What is needed: Locate "It's very extensive" in the data below, then output the line it is on and all following lines through the last, word for word. Skip any pictures.

----

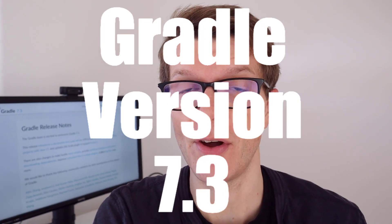Hi friends, this is going to be a very quick update on the new features that I think are important for Java developers like you and me in the newly released Gradle version 7.3.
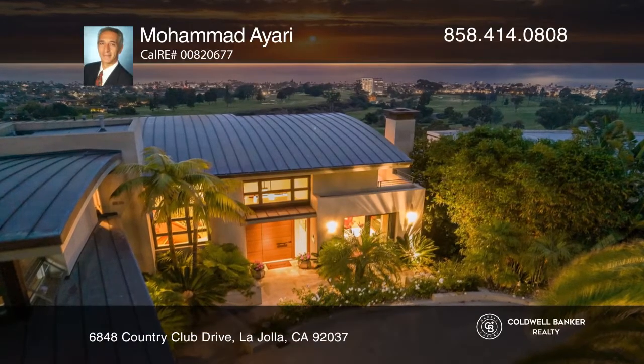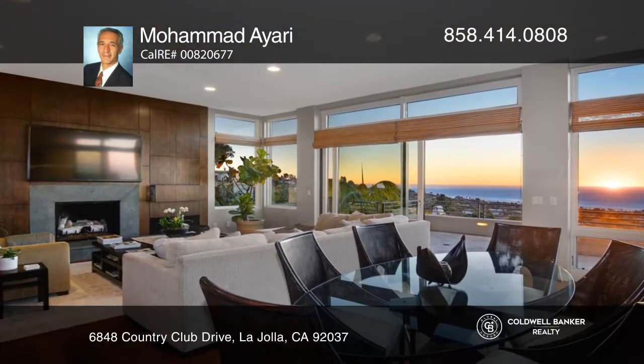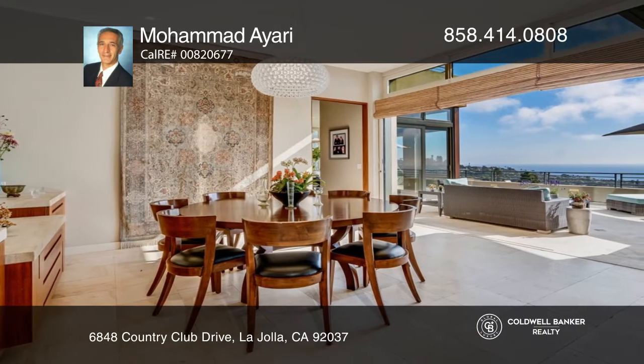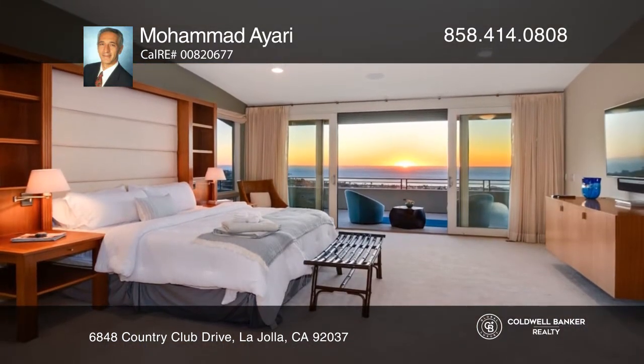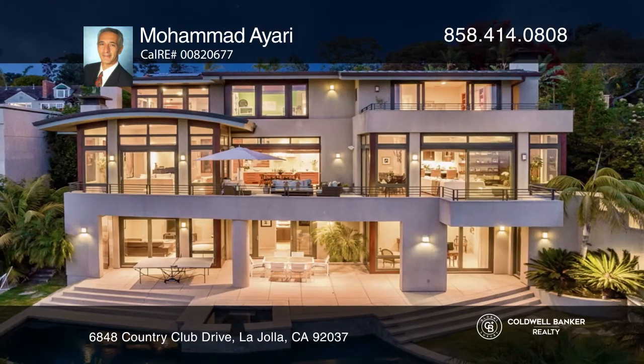You don't want to miss out on this spectacular classic contemporary home with sweeping wide-ranging views of both the ocean and La Jolla Country Club golf course. With five beds and six baths, this expansive home offers amazing sunset views from almost every room, ample space for indoor and outdoor entertaining through vanishing doors, a gourmet kitchen, and lovely outdoor living with a pool, spa, and barbecue area.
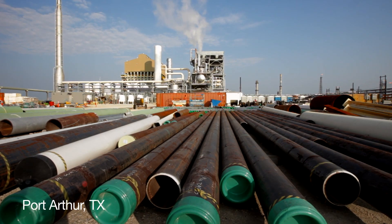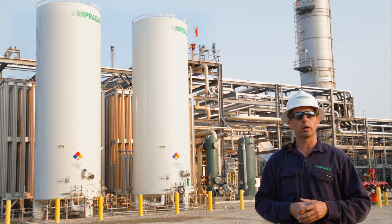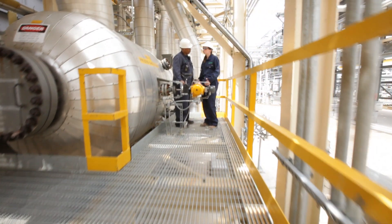This unit behind me is a hydrogen facility that just went through the construction, commissioning, and startup phase. It's here to provide hydrogen for our customer, which is Valero. And this is the flagship — the largest SMR that Praxair has built to date.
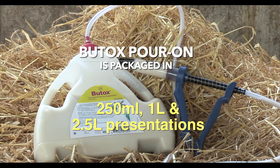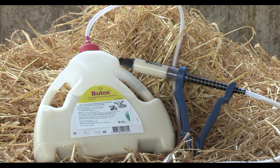Butox Poron is packaged in 250 mil, 1 litre, and 2.5 litre presentations. The 2.5 litre presentation will also come with a free applicator gun.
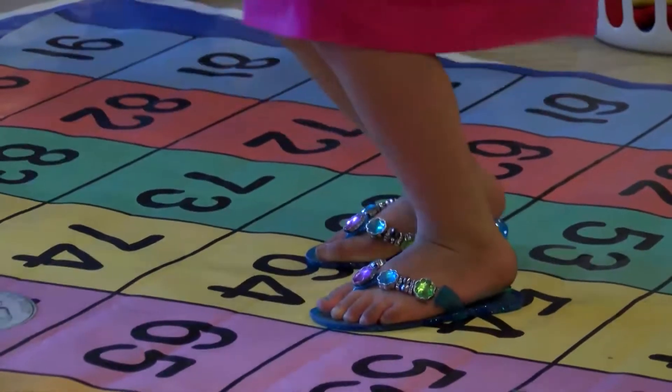It's very extensive in terms of the materials. Fractions, positive and negative numbers, multiplication, division — all math concepts that are included in the modules right now are included in Math and Movement.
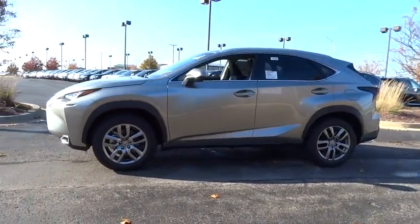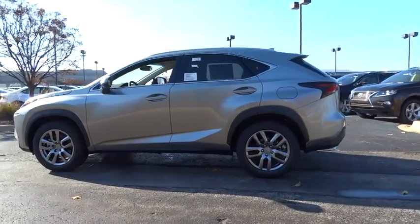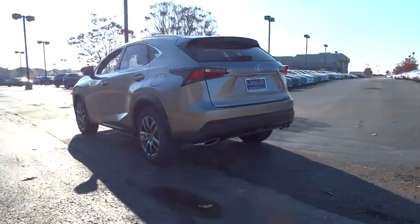The interior of the NX directly evokes the premium urban feel of the vehicle, combining the structural beauty of a high-performance machine with a material feel that maximizes luxury and functionality.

----

Result of the task:
It's very extensive in terms of the materials. Fractions, positive and negative numbers, multiplication, division — all math concepts that are included in the modules right now are included in Math and Movement.
The interior of the NX directly evokes the premium urban feel of the vehicle, combining the structural beauty of a high-performance machine with a material feel that maximizes luxury and functionality.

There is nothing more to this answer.